Holenderska Srebrna Harfa dla trancowego producenta
Równo rok temu pisaliśmy o tym, jak to najważniejsze wyróżnienie w holenderskim światku muzycznym otrzymał Armin van Buuren. W tym roku harfą uhonorowany został kolejny artysta reprezentujący nurt muzyki elektronicznej.
Tym razem nagrodę za osiągnięcia otrzymał Sander van Doorn, który faktycznie z roku na rok coraz bardziej zaznacza swoją obecność nie tylko w sercach klubowiczów, ale i słuchaczy muzyki w ogóle, choćby dzięki remiksom dla wielkich sław – między innymi Depeche Mode, Robbiego Williamsa czy The Killers. Jego, nie ukrywajmy, radiowe dość „Love Is Darkness” zdobyło w tym roku ogromne uznanie wśród holenderskich rozgłośni radiowych i telewizji, a seria imprez „Dusk Till Doorn” również przyciągała coraz to większe tłumy.

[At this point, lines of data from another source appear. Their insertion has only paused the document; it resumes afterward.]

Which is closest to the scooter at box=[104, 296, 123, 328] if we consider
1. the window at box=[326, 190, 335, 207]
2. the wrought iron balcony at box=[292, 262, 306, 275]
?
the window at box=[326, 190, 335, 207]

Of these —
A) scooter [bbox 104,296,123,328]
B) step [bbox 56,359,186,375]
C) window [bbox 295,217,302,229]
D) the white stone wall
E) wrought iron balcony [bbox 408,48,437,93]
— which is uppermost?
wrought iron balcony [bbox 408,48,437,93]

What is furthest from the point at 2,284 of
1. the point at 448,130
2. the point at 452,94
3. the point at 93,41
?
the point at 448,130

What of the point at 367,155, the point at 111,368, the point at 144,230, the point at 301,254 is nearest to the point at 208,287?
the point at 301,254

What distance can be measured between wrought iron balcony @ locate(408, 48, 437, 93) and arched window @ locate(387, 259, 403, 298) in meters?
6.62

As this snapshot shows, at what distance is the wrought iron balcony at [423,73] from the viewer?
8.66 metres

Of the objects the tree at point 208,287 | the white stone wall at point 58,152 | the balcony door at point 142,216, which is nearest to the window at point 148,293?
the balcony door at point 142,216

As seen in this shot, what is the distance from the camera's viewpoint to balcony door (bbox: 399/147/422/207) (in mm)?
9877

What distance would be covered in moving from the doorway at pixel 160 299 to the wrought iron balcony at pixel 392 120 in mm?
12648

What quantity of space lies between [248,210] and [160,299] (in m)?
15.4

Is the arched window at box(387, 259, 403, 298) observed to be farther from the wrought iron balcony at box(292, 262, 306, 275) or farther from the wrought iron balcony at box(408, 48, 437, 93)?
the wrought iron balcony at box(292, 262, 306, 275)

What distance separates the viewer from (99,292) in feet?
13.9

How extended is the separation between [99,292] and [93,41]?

Wszystko to złożyło się na docenienie van Doorna przez komisję wręczającą harfy. Symbolicznej statuetki nie mógł on odebrać osobiście z powodu zaplanowanej serii imprez w Australii. Wręczył więc mu ją ubiegłoroczny laureat, Armin van Buuren przebrany za stewarda, łapiąc Sandera między jednym lotem a drugim.